The wisdom in GNH
Gross National Happiness is more important than Gross National Product,” declared King Jigme Singye Wangchuck of Bhutan in 1972, when he first coined the phrase. The ultimate purpose of government, he proclaimed, is to promote the people’s happiness, which must take precedence over economic prosperity. He and the people of Bhutan believed in a proper balance between materialism and spirituality, and in their culture, inner spiritual development counts as much as external material development. The problem with GNP is that it is focused entirely on the latter, thus is highly inadequate as a policy goal.Some 15 years ago, I was privileged to be with a small group granted an audience with then King Jigme Singye in picturesque Thimphu, capital of the Royal Kingdom of Bhutan, a tiny country nestled high in the Himalayas between China’s Tibet province and India. The meeting unexpectedly got rather extended and was very rich and substantive, with us hearing firsthand about this novel concept of GNH from the very mouth of its original proponent. The economists among us acknowledged that most socioeconomic indicators merely measure means, and not ends. GNP and GDP do not and should not be taken as indicators of well-being, as these merely measure the level of economic production of goods and services and the associated income generated. But increased income does not directly imply increased happiness or improved well-being.
Textbook economics takes it for granted that happiness, technically termed as “utility,” increases with levels of consumption, and more is always better for a rational individual. But happiness is a state of mind, and arises not from consumption alone. Psychologists have long understood that happiness or well-being may come not only from “having,” but also from “doing,” “being,” “relating,” and even “giving.” As for the last, even as mainstream economic theory assumes humans to be intrinsically selfish, we also have an inherent instinct for altruism, or for caring and sharing.
How do we measure happiness, then? During our visit 15 years ago, our hosts asserted that GNH, unlike GNP, need not even be measurable to be a useful policy goal. Various scholars from around the world have since worked to find a way to quantify the concept, but the Bhutanese argued then that obsession with measurement could even undermine its very usefulness. Admittedly, GNH would not be as straightforward to measure as GDP/GNP, as standards of happiness differ from person to person.
Four major pillars define GNH: economic growth and development, preservation and sustainable use of the environment, preservation and promotion of cultural heritage, and good governance. Without the last, our hosts asserted, none of the other goals are achievable. Their government provides free education, health and other social services. They have a firm policy of keeping at least 60 percent of their land area under forest cover. Promotion of their indigenous culture is a major concern, seen in the way the men continue to wear their robe-like native attire (gho) and the women their traditional ankle-length dress (kira). They acknowledge that cultural and environmental goals can get in the way of economic growth. But their conviction is firm that the rich character of the society in Bhutan, along with their happiness, would have been diminished if they merely focused on the generation of material wealth.
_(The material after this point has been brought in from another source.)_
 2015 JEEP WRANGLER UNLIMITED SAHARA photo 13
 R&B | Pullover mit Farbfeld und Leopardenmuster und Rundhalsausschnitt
To the Bhutanese, development is defined as enlightenment of the individual. Enlightenment is not solely an object of religious activity, but is a goal of psychological evolution for any person, regardless of formal faith. It is a blossoming of happiness. It is turning one’s mind inward to achieve knowledge of the self, which is crucial to attaining individual liberty and freedom, and gaining happiness. This squares with how Nobel laureate economist Amartya Sen defines development simply as freedom.
When I told the King then that I was inspired to write about GNH in my column, his witty reply was: “Then you are going to make your government leaders unhappy.” It seems His Majesty knew much more of our country than I had expected.